Homily – December 31, 2017

This is the season of too many feasts. Today we celebrate the feast of the Holy Family, the gospel event tells of Mary’s purification in the temple forty days after the birth of Jesus. Tomorrow we celebrate the circumcision of Jesus eight days after his birth. Things get out of cynic this time of year.

On a feast like today scripture holds up models of what holds families together. Christian art has done a great disservice to the Holy Family. They were struggling working class people and life could be rough. All we see is a tranquil setting, angels all around, everything is perfect. Not so.

Have you ever watched the TV series ‘Modern Family’? It follows the stories of three families living in the same neighborhood. They are in and out of one another’s homes all the time. One family is a traditional family; mother, father, son and daughter. One family is interracial, made up of a divorced couple and the child of a first marriage and the third couple consists of two gays and their adopted son. A true picture of the complexities found in family life today and far removed from what we’ve always thought of what family life is all about.

These three families have all the joys and stresses of family life. They cope with good times and bad. They deal with stress and misunderstandings. They deal with the conflicts between parents and children. All of them in one way or another have financial worries. For all their differences they have so much in common with all those living the community life of families.

What holds them together is that each family finds a way to be faithful to the teachings we heard in our second reading from Paul’s letter to the Colossians; they face their difficulties trying to be compassionate and kind and patient with one another. They find ways to be forgiving of one another. Harmony is the goal of each family and even after all the blowups and misunderstanding that are found in every family they strive for peace and harmony as they live out their differences.
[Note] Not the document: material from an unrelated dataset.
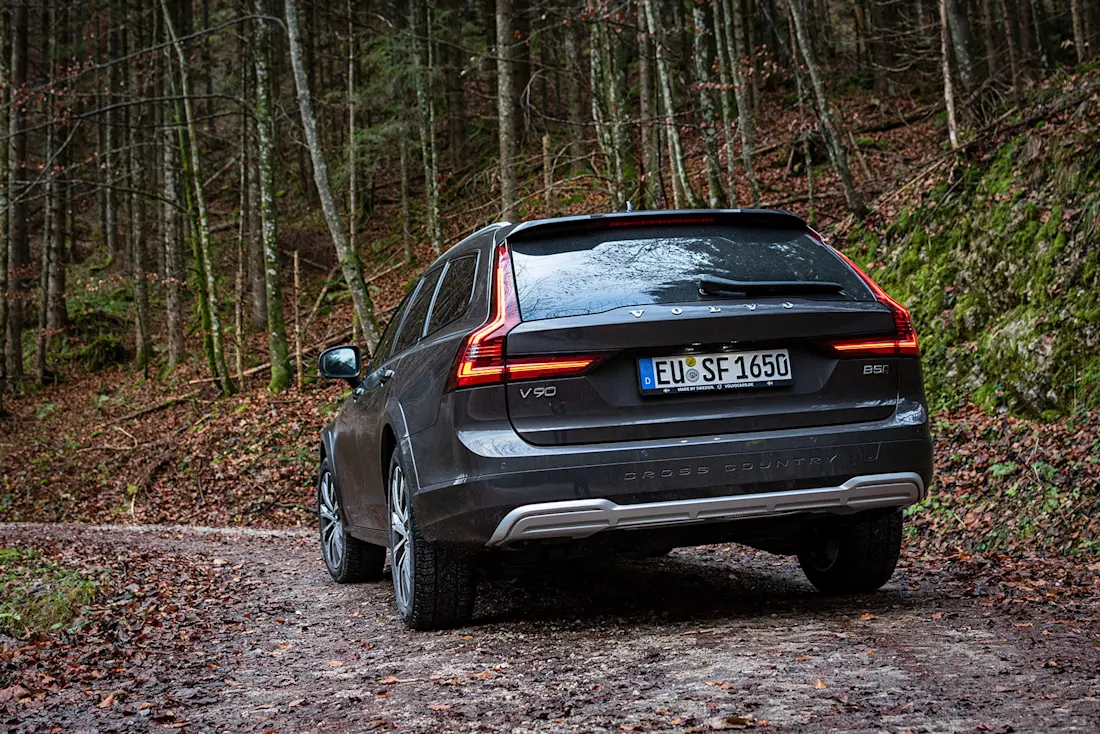 Volvo-V90-Cross-Country-Wood2 Volvo-V90-Cross-Country-Wood2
You’ve probably heard of a letter from Pope Francis titled the Joy of Love. It is the Pope’s reflection on the Synod on the Family held a couple of years ago by bishops from around the world. Pope Francis makes clear that the causes of the family’s distresses are diverse, and that no single response to them will prove a silver bullet. The Pope makes clear that the Church has too often been content “simply decrying present-day evils,” and sought “to impose rules by its sheer authority. Pope Francis tells it like it is.
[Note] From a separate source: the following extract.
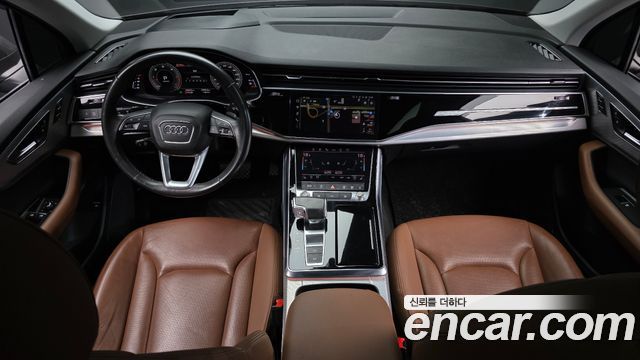 Audi Q7 — interior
Francis wants us to In turn away from such attitudes by constantly redirecting our attention to the beauty and joy of married life and the family. He says we’ve been wasting pastoral energy on denouncing a decadent world instead of being proactive in supporting those struggling with the challenges of family life.
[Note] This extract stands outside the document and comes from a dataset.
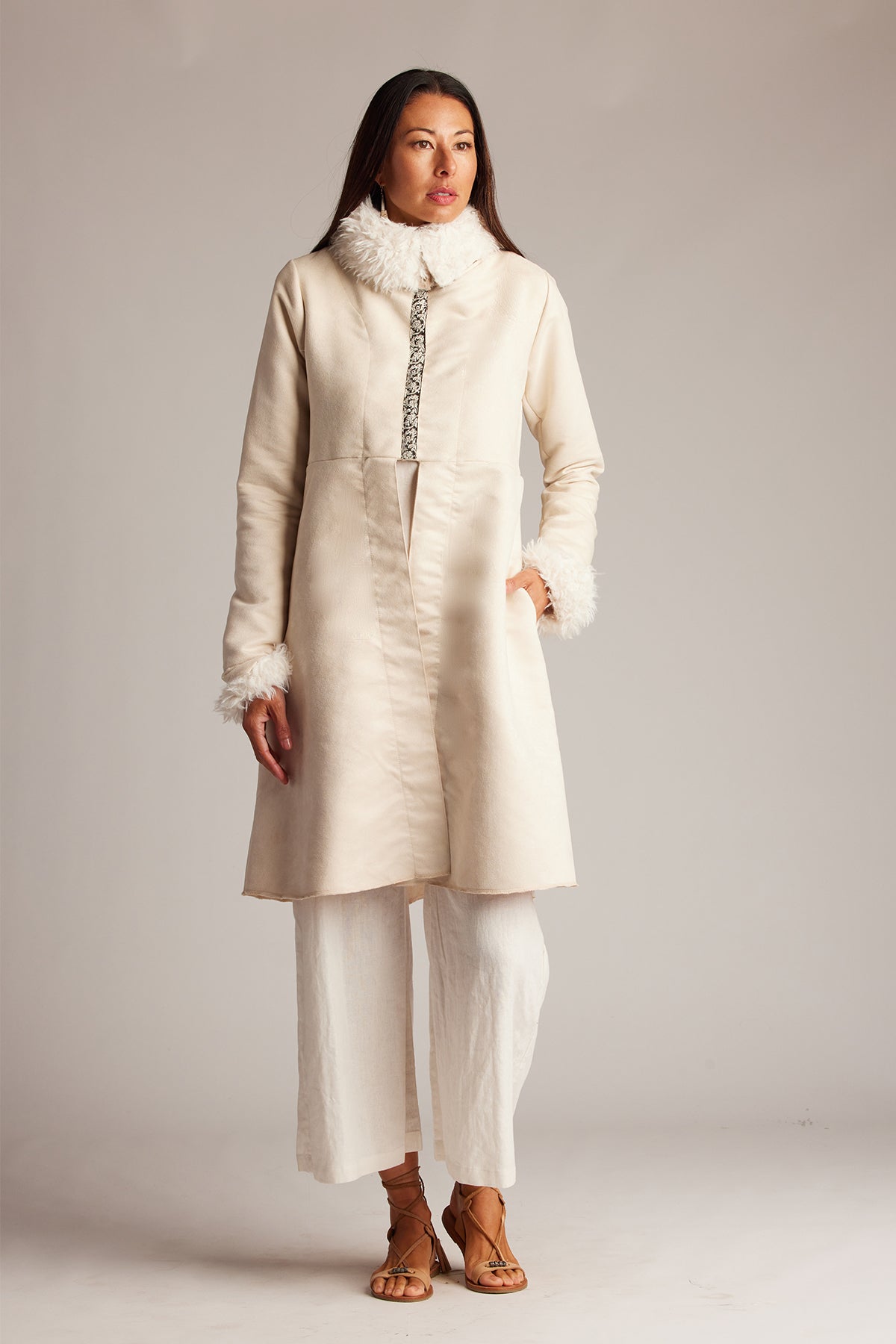 #color_ivory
Francis makes a crucial point: “The Lord’s presence dwells in real and concrete families, with all their daily troubles and struggles, joys and hopes.” God is with all of us, not only the sinless and so the Church is called to accompany the weak, to discern with them and to integrate them into the life of Church. He calls Bishops and priests to look beyond laws and regulations, important as these may be, and take a more pastoral approach to the complexities of the reality of divorced couples and walk with husbands and wives helping them to find a way back into the life of the church.

On this feast of the Holy Family we pray for all the families in our parish family; the solid, the broken, the struggling and the searching, remembering the words of Pope Francis, “The Lord’s presence dwells in real and concrete families, with all their daily troubles and struggles, joys and hopes.” God is always present to them though they may not be always present to God.